Unusual concentrations of foraminiferal tests occur in the Miocene Monterey Formation near Carmel and Mission Viejo, California. Lithostratigraphic and biostratigraphic correlations firmly establish their ages as late middle Miocene near Carmel and early late Miocene in Mission Viejo. The foraminifera indicate benthic environments were likely bathyal depths and disaerobic, as the strata are fine-grained, thin beds that are not heavily bioturbated – typical features of the siliceous facies of the upper Monterey Formation.

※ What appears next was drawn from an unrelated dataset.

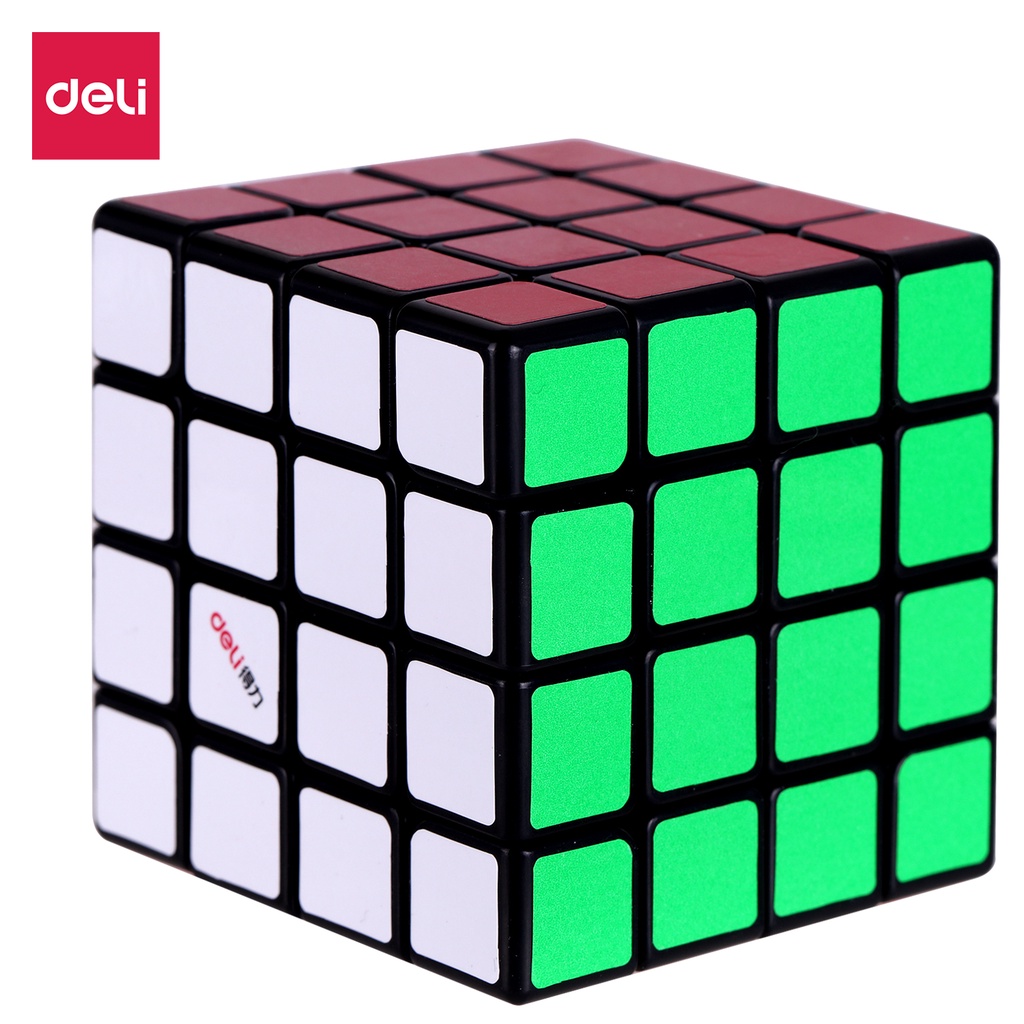 Rubik 4x4, 2x2, 3x3, tam giác, biến thể Deli - trò chơi trí tuệ - 74503/74507/74508/74509/74512/74521/74522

The foraminifera make up tubes similar to those constructed by some modern marine worms. Because agglutinated worm tubes readily disaggregate after the worm's death, very few of them have been found in the fossil record. And although some modern worms construct their tubes with foraminiferal tests, the fossil record of this phenomenon to date is represented by a single specimen from the Lower Jurassic. The fossil tubes from California have closest affinity with the genus Pectinaria, which includes Recent species living at littoral to abyssal depths. Foraminiferal tests were likely the most predominant sand-sized particles available to the worm in these particular environments; the worm did not purposefully select foraminiferal tests. Disaerobia may then have enhanced the chances of tube preservation, but subsequent leaching at the Carmel localities removed most calcareous test material from the sediment.